Alla presentazione ufficiale del Progetto, Evaristo Petrocchi, responsabile del “Progetto nazionale Orti Urbani”, ha sottolineato che “creare una rete di orti, offre una possibilità di rilancio ad una tendenza che si sta delineando già da qualche anno e che è destinata ad estendersi con lo sviluppo delle aree orticole, che sia le grandi metropoli, sia comuni medio-piccoli hanno intenzione di sostenere ancor più efficacemente con nuovi orti o con la riqualificazione di quelli già esistenti o in corso di realizzazione”. “La crescente diffusione del Progetto ‘Orti Urbani’ – continua Petrocchi – risponde ad una esigenza fortemente sentita dalle comunità di poter disporre di aree urbane o periurbane da destinare a coltivazioni agricole per una migliore vivibilità, socialità e qualità dei luoghi da vivere”. E Fabrizio Montepara, Presidente dell’ Associazione Res Tipica, ha concluso: “L’istituzione degli orti urbani rientra nella filosofia di promozione del territorio agricolo comunale, individuando in essa un mezzo efficace per la sua salvaguardia.

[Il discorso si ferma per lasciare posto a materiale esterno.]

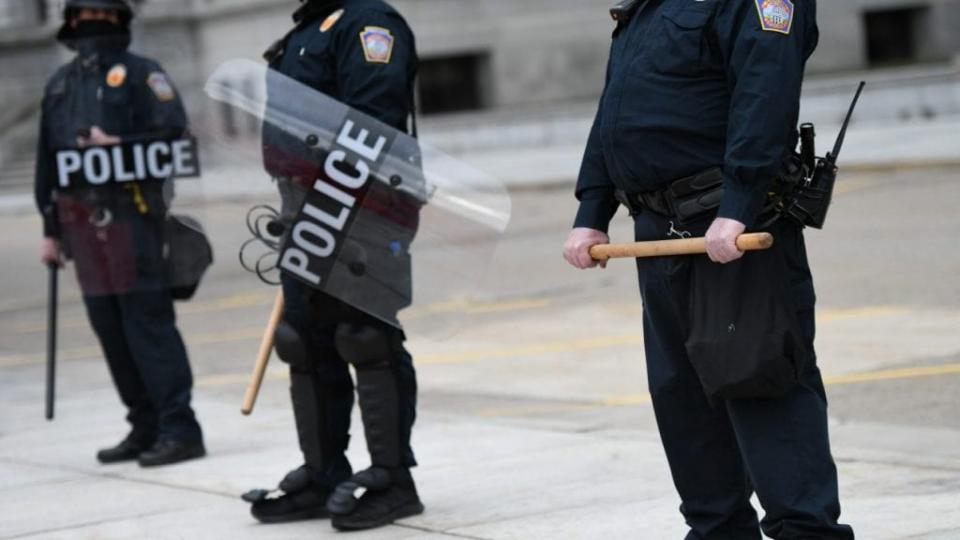 Police in riot gear monitor activity outside the Pennsylvania Capitol Building on January 17, 2021 in Harrisburg, Pennsylvania. (Photo by Mark Makela/Getty Images)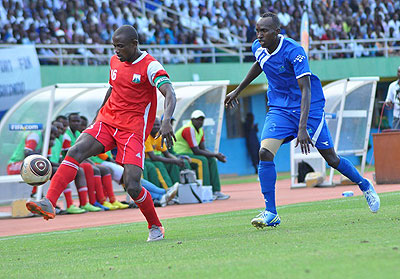 Musanze skipper Omar Hitimana controls the ball as Rayon Sports rightback Karim Nizigiymana closes in during a past league match last season. File.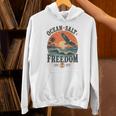 海 塩 自由 沿岸 愛国的 ワシ レトロ 夕日 長袖tシャツ パーカー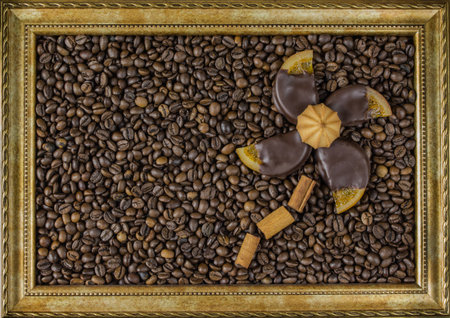 Coffee beans on wooden background in the picture frame in the center on the table top view marmalade gingerbreadの写真素材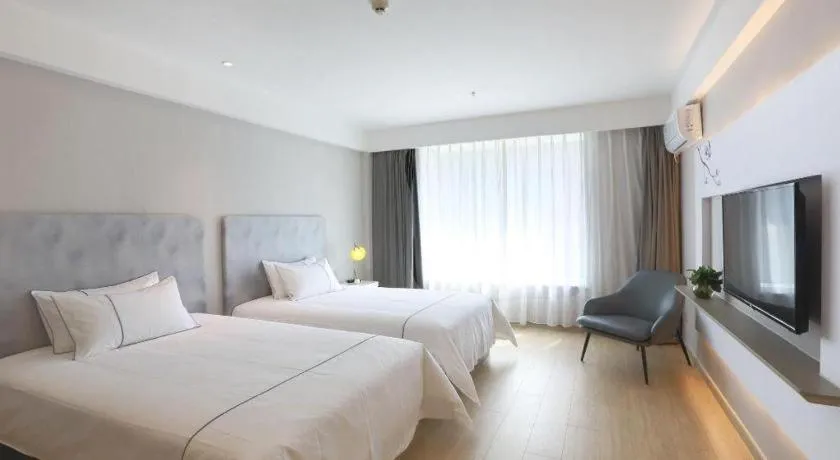 Bed in Magnotel Hotel Huizhou South Station Branch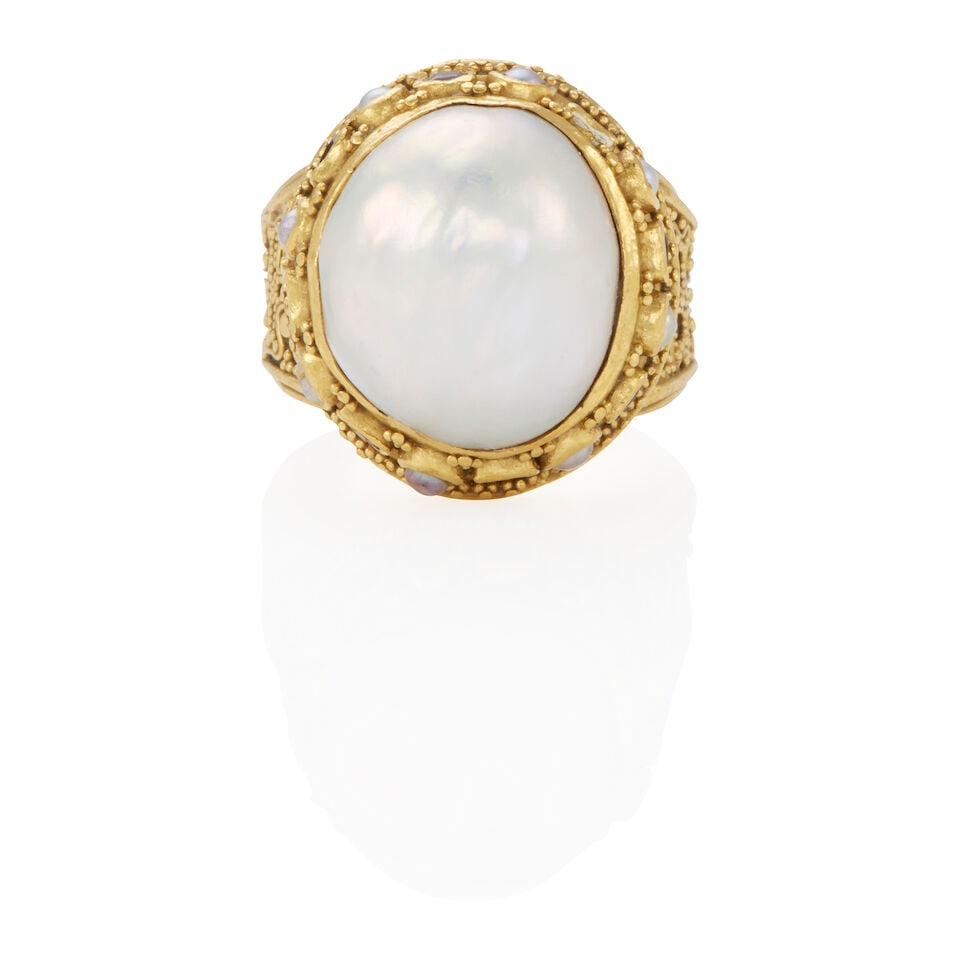 LUNA FELIX: 21K GOLD, PEARL, AND SPINEL RING: LUNA FELIX: 21K GOLD, PEARL, AND SPINEL RING • 21k yellow gold • 1 oval shaped cultured blister pearl measuring approximately 17.50 x 15.03 x 7.72 mm • 8 semi-spherical cultured pear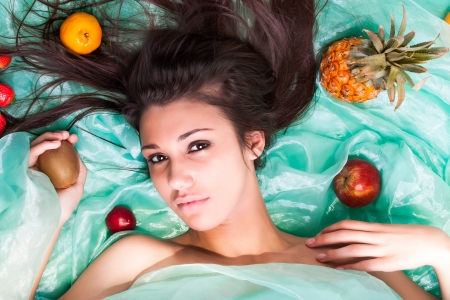 a close-up of a beautiful seductive young caucasion woman sprawled out in turqoise organza material surrounded by different colorful fruitの写真素材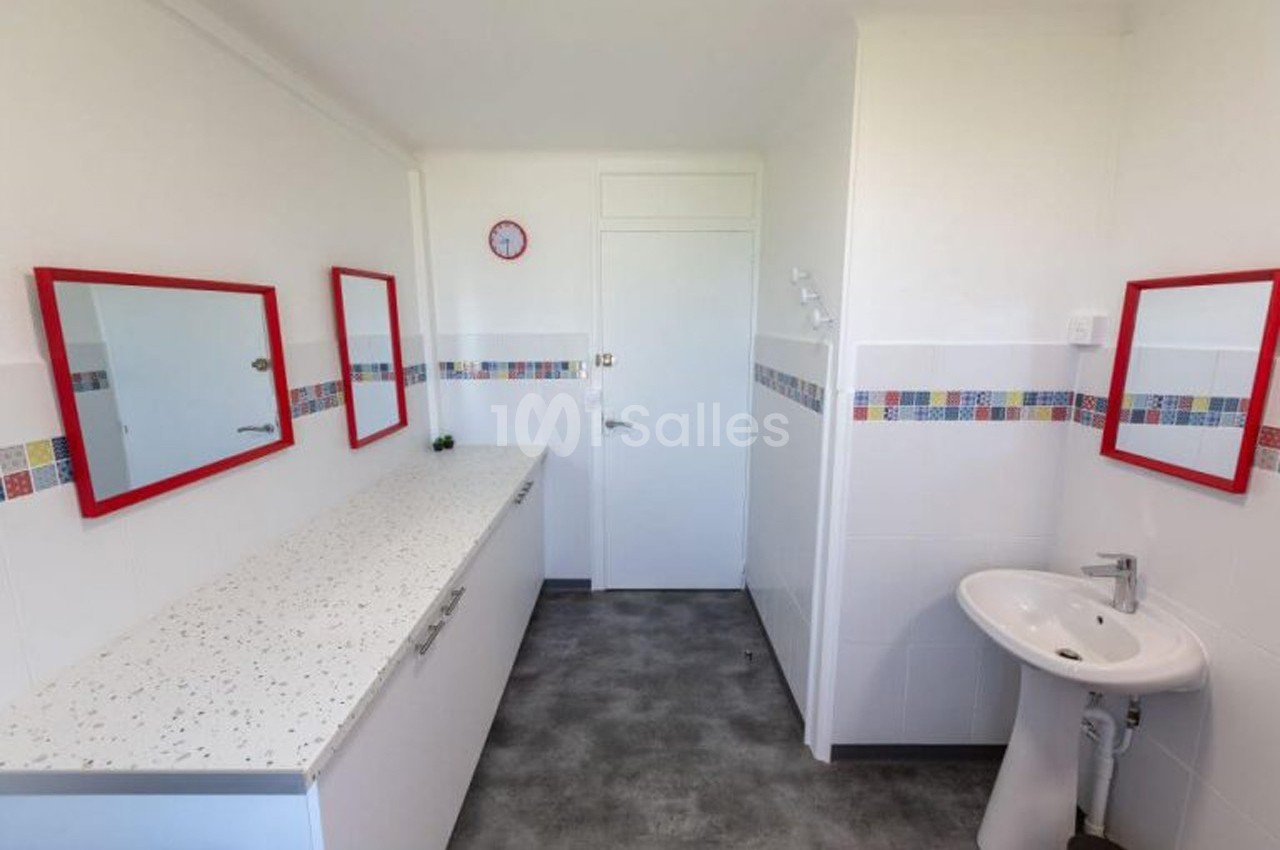 Salle de bain lumineuse avec un sol gris, un lavabo, des miroirs encadrés de rouge et des carreaux colorés en décoration.
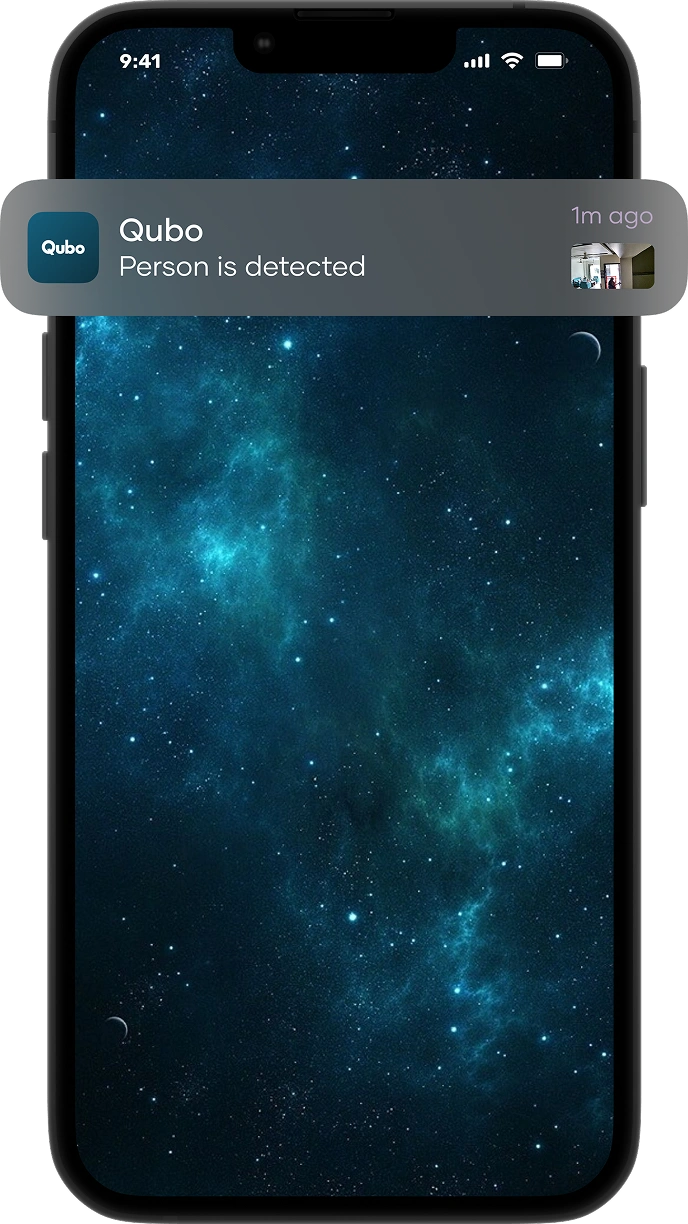 Image of a phone displaying a Qubo app alert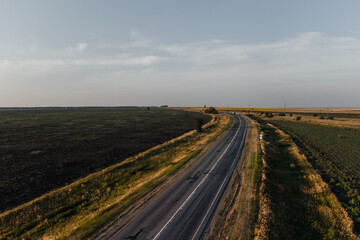 the track in the rays of sunset taken from a drone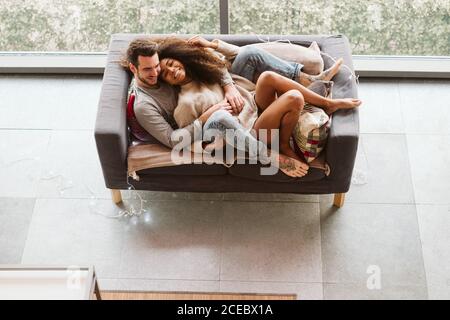 Giovane coppia multirazziale abbracciata sul divano Foto Stock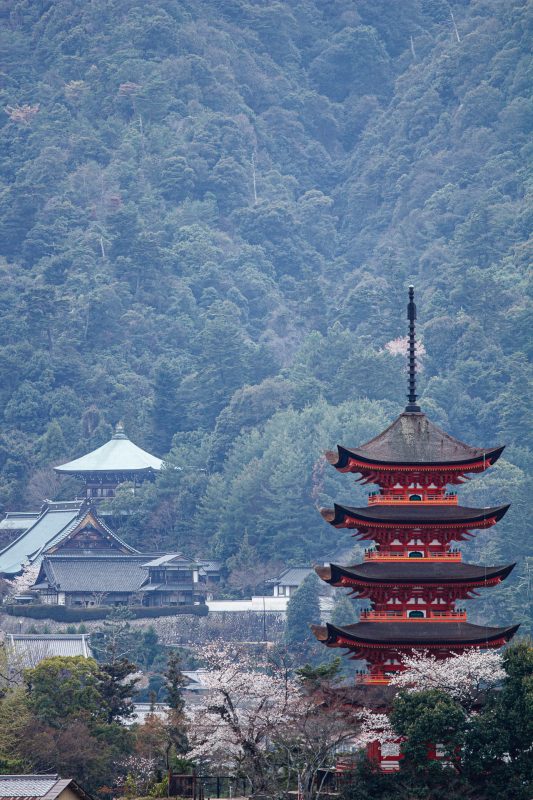 Five-story pagoda of Toyokuni Shrine and temple buildings against Mount Misen on Miyajima Island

Salvaguardare, ma anche valorizzare: è indubbio che un’area territoriale destinata a coltivazioni venga preservata dal degrado, dall’abbandono, e venga rivisitata e rivissuta dai cittadini in una ottica dinamica di appartenenza e tutela. E’ indubbio, inoltre, che la diffusione degli orti urbani possa rappresentare, soprattutto nei piccoli centri, una fotografia del paesaggio più armoniosa per i turisti in visita e uno strumento di promozione del territorio”.